Michael Ubaldi, November 21, 2003.
 

Andrew Sullivan makes the logical observation: it's as if, you know, al Qaeda and kin wanted to stack the deck against themselves. In the wake of horrifying attacks, it's far more likely that Turkish opinion will swing significantly towards committed opposition than towards sympathy for butchers of men. What gives?

If you take away the individual "strategies" necessary to plan and prepare attacks, terrorists haven't got one beyond the broadly stated, fantastical terms of bin Laden. I realized this shortly after Afghanistan was liberated and that tape of bin Laden and al Zawahiri, chuckling at 9/11 as if it were a practical joke, was discovered. What do these men want? They want to see others suffer and die, period. Don't think the absence or incapacitation of bin Laden is the cause of aimlessness; he was responsible for the jet hijackings which will be considered, in a unanimous opinion of history, great strategic blunders.

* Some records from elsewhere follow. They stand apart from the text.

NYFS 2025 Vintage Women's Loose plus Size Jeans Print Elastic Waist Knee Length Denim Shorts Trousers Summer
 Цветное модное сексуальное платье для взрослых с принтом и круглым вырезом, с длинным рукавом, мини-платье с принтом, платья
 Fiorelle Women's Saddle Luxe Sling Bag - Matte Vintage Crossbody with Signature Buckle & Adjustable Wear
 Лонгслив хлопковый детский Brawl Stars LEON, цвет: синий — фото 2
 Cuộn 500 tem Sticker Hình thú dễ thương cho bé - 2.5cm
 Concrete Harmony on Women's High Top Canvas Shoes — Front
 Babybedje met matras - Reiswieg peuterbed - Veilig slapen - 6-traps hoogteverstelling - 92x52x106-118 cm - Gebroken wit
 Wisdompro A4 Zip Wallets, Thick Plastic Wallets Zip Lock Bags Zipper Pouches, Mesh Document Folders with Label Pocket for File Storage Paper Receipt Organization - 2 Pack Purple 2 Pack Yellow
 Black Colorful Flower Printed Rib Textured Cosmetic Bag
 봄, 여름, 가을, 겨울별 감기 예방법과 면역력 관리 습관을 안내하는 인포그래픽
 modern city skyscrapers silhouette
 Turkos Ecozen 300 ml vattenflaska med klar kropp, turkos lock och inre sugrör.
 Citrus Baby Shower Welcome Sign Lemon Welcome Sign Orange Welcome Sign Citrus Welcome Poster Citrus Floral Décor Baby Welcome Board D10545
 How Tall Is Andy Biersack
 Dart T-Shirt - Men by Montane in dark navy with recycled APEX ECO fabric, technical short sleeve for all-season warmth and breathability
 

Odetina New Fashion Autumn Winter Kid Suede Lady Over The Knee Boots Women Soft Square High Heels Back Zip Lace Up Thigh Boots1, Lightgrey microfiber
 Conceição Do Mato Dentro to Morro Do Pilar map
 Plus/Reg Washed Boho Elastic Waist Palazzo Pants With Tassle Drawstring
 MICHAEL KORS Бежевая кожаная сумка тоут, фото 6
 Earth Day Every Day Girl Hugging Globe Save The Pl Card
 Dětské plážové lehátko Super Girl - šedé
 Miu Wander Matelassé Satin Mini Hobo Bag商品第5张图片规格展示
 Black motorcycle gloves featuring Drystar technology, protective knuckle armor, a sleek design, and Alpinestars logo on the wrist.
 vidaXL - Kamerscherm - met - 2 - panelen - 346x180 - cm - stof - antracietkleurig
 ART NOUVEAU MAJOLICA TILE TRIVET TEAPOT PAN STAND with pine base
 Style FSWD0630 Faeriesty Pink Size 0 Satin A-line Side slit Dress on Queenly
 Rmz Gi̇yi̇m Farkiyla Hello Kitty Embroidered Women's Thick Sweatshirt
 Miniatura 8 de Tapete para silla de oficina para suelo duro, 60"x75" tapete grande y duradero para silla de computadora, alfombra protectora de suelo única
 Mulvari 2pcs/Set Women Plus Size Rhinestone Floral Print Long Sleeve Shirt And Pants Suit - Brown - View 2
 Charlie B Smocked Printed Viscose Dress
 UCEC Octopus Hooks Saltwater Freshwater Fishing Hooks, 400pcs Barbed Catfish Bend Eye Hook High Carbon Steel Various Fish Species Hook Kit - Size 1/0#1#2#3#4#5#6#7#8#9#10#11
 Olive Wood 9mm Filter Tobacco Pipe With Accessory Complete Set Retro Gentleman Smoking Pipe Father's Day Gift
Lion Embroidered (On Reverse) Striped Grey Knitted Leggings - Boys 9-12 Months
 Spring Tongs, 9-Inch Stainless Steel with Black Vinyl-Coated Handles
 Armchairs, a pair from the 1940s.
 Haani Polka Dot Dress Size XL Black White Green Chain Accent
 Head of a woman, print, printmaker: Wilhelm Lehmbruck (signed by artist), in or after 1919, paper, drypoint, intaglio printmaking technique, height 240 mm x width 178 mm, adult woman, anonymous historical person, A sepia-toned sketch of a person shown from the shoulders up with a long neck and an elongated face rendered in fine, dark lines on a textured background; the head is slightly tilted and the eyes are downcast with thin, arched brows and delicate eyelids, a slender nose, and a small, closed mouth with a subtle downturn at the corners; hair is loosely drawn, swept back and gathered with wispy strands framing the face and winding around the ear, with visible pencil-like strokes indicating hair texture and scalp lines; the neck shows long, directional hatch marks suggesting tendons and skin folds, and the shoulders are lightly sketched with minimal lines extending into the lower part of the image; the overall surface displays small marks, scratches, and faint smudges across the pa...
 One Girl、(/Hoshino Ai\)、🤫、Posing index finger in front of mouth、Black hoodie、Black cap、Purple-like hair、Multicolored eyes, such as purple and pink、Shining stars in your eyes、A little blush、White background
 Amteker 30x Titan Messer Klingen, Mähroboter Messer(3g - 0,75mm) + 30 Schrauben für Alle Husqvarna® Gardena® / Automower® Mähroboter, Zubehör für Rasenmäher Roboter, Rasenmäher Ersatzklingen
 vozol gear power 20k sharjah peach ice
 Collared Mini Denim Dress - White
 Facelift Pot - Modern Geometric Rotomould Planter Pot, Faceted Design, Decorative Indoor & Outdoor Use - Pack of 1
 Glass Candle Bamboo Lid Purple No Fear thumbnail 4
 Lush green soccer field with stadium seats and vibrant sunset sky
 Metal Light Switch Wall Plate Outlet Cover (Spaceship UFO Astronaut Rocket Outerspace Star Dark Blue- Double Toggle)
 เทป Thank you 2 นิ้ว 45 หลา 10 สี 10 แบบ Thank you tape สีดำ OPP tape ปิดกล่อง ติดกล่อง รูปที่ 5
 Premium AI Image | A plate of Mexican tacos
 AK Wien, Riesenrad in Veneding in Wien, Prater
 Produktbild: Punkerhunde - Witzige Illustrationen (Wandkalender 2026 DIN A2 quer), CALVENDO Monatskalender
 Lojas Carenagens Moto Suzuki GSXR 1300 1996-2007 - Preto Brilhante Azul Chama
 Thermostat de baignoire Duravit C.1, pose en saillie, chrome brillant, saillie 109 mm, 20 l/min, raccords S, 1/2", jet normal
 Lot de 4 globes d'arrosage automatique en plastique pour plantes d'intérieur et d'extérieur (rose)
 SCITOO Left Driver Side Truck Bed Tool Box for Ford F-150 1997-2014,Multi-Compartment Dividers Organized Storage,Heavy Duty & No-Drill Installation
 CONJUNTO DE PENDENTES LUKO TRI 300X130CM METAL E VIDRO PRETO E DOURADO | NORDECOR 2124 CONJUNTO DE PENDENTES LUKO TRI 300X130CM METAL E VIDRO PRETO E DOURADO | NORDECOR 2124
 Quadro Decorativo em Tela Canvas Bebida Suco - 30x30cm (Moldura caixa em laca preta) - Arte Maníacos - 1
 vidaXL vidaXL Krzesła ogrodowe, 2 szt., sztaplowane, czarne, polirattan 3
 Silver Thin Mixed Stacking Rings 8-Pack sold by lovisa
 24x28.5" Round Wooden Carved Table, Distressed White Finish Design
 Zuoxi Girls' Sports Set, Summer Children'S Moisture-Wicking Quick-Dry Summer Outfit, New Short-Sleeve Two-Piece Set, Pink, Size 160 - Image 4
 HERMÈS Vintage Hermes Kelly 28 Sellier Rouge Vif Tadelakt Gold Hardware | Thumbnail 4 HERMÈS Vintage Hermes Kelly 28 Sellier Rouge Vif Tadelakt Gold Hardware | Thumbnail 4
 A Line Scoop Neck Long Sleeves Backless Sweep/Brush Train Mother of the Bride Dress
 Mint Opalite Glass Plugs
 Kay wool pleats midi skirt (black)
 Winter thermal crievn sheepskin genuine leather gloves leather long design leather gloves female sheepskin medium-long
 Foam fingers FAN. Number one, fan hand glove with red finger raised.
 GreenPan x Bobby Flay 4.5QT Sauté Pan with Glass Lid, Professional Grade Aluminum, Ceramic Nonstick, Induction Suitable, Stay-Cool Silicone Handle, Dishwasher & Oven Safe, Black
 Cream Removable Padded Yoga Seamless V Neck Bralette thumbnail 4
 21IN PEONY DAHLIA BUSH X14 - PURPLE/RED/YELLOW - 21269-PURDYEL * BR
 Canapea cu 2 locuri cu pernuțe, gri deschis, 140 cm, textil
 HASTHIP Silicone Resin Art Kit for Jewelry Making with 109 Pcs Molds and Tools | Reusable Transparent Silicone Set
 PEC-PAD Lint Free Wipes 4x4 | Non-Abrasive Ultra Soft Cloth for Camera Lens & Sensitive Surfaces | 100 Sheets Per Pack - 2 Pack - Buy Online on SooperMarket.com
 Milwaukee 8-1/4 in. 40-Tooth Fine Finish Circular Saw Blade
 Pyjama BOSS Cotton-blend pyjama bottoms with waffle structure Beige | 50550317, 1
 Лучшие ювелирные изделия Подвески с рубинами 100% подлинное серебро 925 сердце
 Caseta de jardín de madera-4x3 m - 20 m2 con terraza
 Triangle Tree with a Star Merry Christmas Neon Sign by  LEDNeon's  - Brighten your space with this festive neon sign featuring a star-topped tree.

This vapidity doesn't make Islamists and their dictator patrons any less dangerous, of course - but it should help us understand (and argue) that they are common thugs and murderers. Not freedom fighters, not Poor Misunderstoods, not religious zealots. Our enemies like to kill people, the bastards. It's so simple and intellectually superficial that even poor, foolish old Robert Fisk might eventually realize he's been had. But we can settle with the turning of once-reluctant free nations to our cause in the meantime.